What is required
Beginning at the line that holds "Kremlin slams Trump", repeat every line through the last line of the material, exactly, and drop any pictures.

Given material
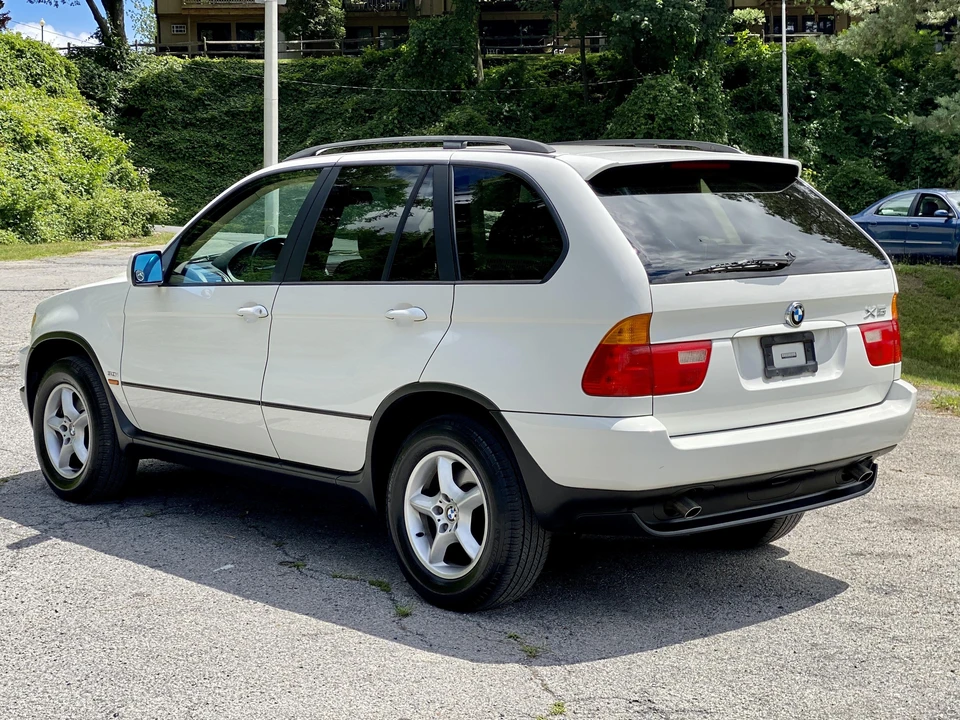 2003 BMW E53 X5 - Image 30 of 31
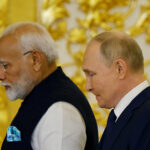 Kremlin slams Trump tariff pressure on India over Russian oil…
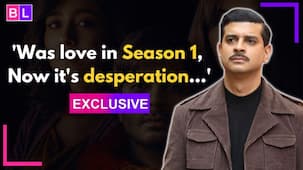 Yeh Kaali Kaali Ankhein Season 2 actors reveal what it was like to reunite on sets after a long time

Solution for this problem
 Kremlin slams Trump tariff pressure on India over Russian oil…
 Yeh Kaali Kaali Ankhein Season 2 actors reveal what it was like to reunite on sets after a long time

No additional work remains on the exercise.